Anak-anak saling tatap dan ber-oooh panjang.

Sepertinya sudah jadi kebiasaan bagi setiap guru saat mengenalkan murid baru untuk ikut mengenalkan orangtua mereka. Aku malu banget pas Bu Olena menyebut-nyebut soal Helix dan keluarga Darmawan. Tapi Antoinette tidak kelihatan malu. Kami semua tahu betul siapa itu Demian dan Denise Darmawangsa. Mereka berdua sudah jadi semacam legenda hidup di dunia kuliner. Dad harus masuk daftar tunggu selama setahun untuk makan di restoran milik Demian di Paris karena antreannya panjang banget.

"Betul, Pak," jawab Antoinette dengan bangga. "Tapi aku buta sama sekali soal memasak. Kata Papa, aku masih harus banyak belajar."

Beberapa anak tertawa maklum. Pak Leon juga ikut tertawa.

"Omong-omong," lanjut Antoinette. "Aku pengendali kaca."

Aku dan Tara saling lirik. Pengendali kaca? Wah, aku baru tahu ada pengendali jenis itu.

"Langsung kasih tahu kekuatannya, coy!" cowok di sebelah Carl menyikutnya. Carl hanya terkekeh segan.

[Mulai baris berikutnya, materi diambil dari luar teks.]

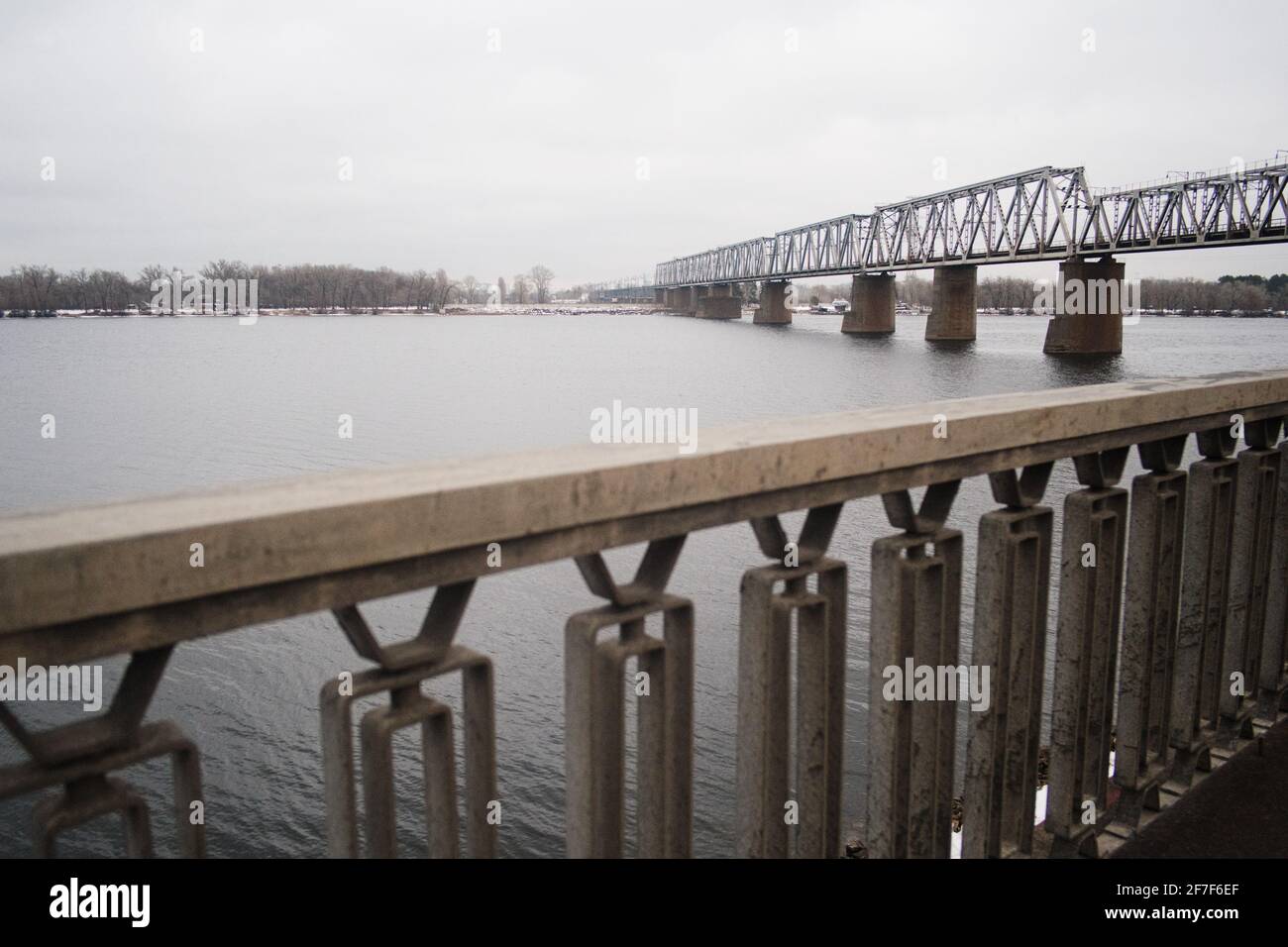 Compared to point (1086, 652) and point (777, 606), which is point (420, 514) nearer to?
point (777, 606)

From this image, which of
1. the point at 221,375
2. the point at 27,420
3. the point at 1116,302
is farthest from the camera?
the point at 1116,302

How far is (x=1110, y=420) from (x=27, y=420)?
33230 millimetres

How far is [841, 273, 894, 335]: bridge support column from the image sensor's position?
80.9 meters

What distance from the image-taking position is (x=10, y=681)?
106 cm

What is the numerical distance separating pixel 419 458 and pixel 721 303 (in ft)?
428

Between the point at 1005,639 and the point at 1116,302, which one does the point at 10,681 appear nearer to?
the point at 1005,639

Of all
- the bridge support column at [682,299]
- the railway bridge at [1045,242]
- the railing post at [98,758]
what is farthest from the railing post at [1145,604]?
the bridge support column at [682,299]

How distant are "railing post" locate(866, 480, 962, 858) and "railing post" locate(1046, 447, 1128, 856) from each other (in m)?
0.56

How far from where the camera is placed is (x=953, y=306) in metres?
66.8

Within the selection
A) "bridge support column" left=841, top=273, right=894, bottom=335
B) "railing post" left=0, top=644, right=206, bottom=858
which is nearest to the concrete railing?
"railing post" left=0, top=644, right=206, bottom=858

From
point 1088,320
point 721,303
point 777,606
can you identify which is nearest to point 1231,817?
point 777,606

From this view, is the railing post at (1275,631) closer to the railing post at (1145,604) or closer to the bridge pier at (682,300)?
the railing post at (1145,604)

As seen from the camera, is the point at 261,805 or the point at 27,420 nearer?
the point at 261,805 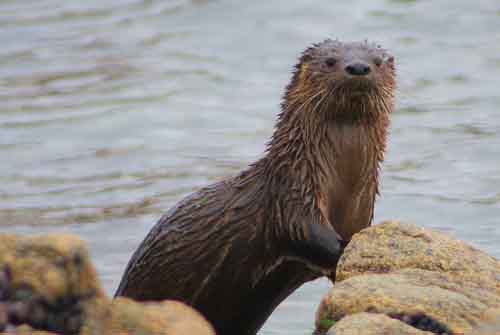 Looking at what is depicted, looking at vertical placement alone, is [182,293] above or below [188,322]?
below

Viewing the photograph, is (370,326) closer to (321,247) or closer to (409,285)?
(409,285)

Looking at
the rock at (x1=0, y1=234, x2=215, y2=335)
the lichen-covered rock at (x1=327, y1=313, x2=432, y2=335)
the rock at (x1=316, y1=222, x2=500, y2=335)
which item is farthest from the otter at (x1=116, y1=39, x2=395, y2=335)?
the rock at (x1=0, y1=234, x2=215, y2=335)

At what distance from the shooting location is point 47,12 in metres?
16.4

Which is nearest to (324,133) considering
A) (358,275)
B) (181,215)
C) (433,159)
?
(181,215)

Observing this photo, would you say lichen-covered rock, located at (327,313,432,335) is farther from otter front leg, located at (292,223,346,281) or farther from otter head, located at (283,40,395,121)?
otter head, located at (283,40,395,121)

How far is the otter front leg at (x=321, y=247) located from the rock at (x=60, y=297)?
1948mm

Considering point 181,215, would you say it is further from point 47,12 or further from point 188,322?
point 47,12

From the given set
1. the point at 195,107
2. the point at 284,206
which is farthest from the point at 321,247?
the point at 195,107

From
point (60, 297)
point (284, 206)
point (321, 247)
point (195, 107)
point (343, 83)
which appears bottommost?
point (195, 107)

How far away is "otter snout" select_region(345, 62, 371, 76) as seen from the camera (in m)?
6.52

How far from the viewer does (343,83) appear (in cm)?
655

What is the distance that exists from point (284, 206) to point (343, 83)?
25.9 inches

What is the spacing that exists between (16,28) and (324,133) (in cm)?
966

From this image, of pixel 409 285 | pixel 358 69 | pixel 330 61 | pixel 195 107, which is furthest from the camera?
pixel 195 107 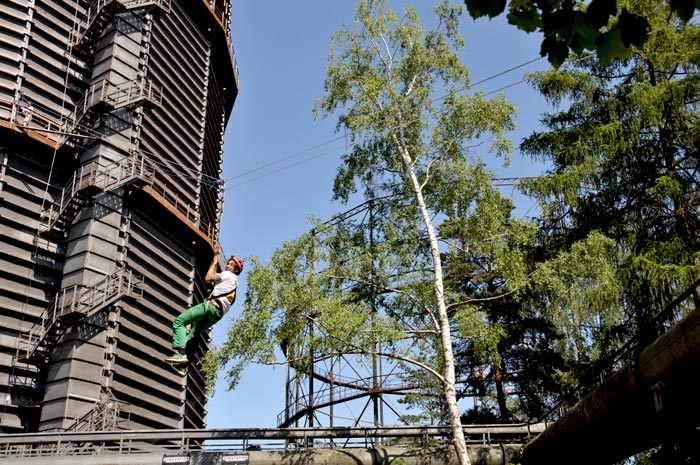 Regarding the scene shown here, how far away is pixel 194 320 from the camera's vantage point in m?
9.65

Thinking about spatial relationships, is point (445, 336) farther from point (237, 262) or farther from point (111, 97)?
point (111, 97)

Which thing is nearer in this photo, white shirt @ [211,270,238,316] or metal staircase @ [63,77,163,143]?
white shirt @ [211,270,238,316]

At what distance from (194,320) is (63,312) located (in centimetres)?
878

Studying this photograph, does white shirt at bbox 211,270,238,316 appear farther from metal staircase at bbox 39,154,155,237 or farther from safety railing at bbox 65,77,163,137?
safety railing at bbox 65,77,163,137

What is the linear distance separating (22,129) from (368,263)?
9315 mm

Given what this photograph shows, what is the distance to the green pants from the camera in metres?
9.31

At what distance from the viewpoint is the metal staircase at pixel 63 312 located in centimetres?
1716

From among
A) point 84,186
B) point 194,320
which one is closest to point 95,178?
point 84,186

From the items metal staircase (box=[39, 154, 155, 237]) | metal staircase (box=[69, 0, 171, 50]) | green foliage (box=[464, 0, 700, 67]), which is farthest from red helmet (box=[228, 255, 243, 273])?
metal staircase (box=[69, 0, 171, 50])

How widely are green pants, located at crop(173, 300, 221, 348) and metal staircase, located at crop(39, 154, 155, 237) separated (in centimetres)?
1002

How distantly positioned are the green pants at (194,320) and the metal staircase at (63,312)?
326 inches

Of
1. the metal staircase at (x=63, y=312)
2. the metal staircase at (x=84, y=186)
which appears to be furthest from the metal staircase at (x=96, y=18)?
the metal staircase at (x=63, y=312)

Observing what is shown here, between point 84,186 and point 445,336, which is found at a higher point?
point 84,186

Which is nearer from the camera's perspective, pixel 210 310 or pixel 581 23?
pixel 581 23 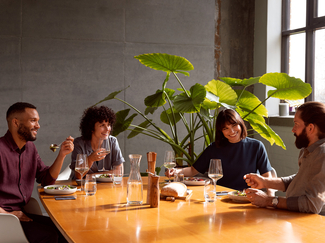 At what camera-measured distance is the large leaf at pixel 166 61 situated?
354 centimetres

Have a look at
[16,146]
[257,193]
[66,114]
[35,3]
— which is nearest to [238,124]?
[257,193]

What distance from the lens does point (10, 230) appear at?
1.97 meters

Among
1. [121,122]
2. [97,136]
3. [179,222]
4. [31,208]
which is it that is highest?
[121,122]

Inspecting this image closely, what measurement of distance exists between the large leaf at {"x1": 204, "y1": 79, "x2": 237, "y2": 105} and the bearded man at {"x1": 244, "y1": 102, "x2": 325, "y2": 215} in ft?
5.01

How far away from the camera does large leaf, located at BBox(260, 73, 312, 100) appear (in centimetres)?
349

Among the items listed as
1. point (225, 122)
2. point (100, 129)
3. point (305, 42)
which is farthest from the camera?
point (305, 42)

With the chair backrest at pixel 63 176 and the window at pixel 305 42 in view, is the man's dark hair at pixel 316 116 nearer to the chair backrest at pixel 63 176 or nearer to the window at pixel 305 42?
the chair backrest at pixel 63 176

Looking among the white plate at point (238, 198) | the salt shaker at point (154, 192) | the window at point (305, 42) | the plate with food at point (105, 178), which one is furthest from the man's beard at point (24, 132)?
the window at point (305, 42)

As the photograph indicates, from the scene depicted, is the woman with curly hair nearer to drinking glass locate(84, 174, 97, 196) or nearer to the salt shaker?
drinking glass locate(84, 174, 97, 196)

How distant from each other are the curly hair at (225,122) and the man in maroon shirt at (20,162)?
1.20 m

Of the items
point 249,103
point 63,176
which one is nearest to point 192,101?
point 249,103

"Pengendali kaca, ya..." Pak Leon berkedip-kedip seperti kelilipan. "Jadi kamu sudah tahu bahwa kamu punya kekuatan pengendalian?"

Antoinette mengangguk. Dia tersenyum lagi, kali ini dengan sedikit malu-malu. Wynona mendengus melecehkan sementara Vishnu dan si kembar ber-uuuh keras.

"Tapi sewaktu di Paris saya tetap bersekolah di sekolah umum, Pak," sahut Antoinette dengan sopan. "Karena sekolah untuk pengendali hanya ada di London."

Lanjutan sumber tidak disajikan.